Some known restrictions:

  • Rmpi: mpi.spawn.Rslaves is not suppoted as Cray MPI does not support MPI_Comm_spawn.

  • parallel: detectCores detects the total number of (virtual) cores, not the number of cores available to the application. This happens with both Cray R and R built with EasyBuild.

    A solution is to use the availableCores() function from the parallelly package.
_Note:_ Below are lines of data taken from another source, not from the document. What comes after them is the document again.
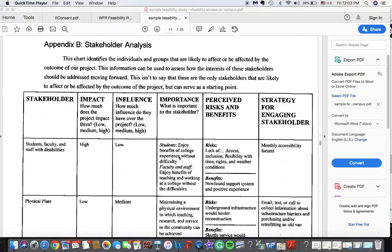Importance: what is important to the stakeholder? Here, students would enjoy the benefits of the college experience without difficulty, and faculty and staff would enjoy the benefits of teaching and working in a college without difficulties. These two categories I'm really looking for are useful for your supervisor in a workplace and also for yourself to map why and how you perceive their attitude toward the project — so perceived risks and benefits are a way of quickly evaluating how that stakeholder sees the situation.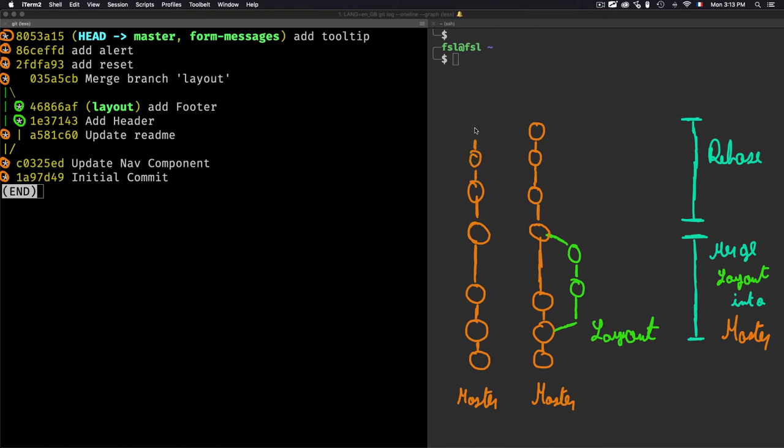Use rebase wisely, because sometimes it can create problems. You may lose history, and if you are sharing work with someone on the same branch, it can create confusion. Use rebase only if you know exactly what you are doing.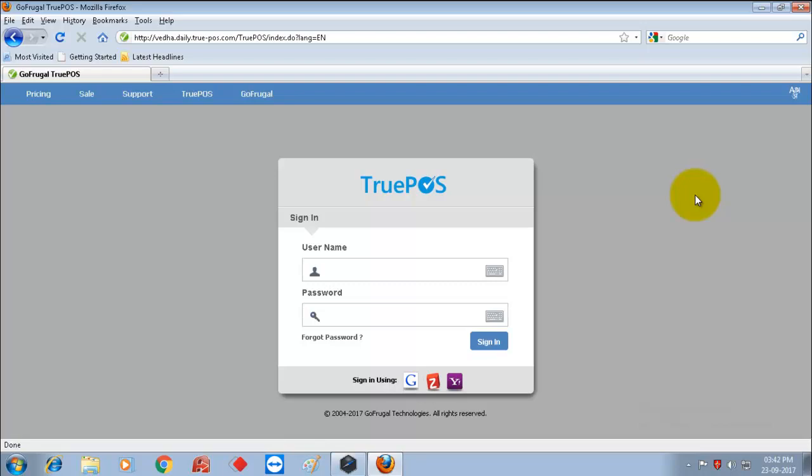Hi, in this video I am going to show you how to setup the offline billing in TruePos for Windows.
That package can, e.g., recognize the CPU set a program will be running in when started through srun.

    As a result of packages not being sophisticated enough to recognise they are not running on the full node, it can be expected that some packages using shared memory multiprocessing will launch one thread per virtual core rather one thread per available core, which can lead to heavy oversubscription of the cores in your job and very bad parallel performance.

  • We have seen issues with some linear algebra operations when running in multithreaded mode. Two workarounds seem to help:

    • Setting OMP_STACKSIZE=256M (and exporting this variable) which we have implemented in the module for the 24.03 versions, and

    • using ulimit -s 300000

    The problem has been reported to HPE Cray. It might be fixed in the 25.03 release of the programming environment.

    Note that the issue also occurs with the cray-R module, but there you'll have to also set OMP_STACKSIZE by hand as we cannot change those modules.

Some noteworthy packages included in the regular EasyConfig

  • Shared memory parallel computing

    • parallelly, with improvements over the system parallel package that are more aware of the typical environment on an HPC cluster.
  • Distributed memory computing:

    • Rmpi, build to interface properly with Cray MPICH.

    • snow, Simple Network Of Workstations.

    • snowfall

  • Unified shared and distributed memory computing:

  • Interfacing with Slurm

Some examples

These examples are inspired by the examples in the LRZ documentation, section "Parallelization Using R"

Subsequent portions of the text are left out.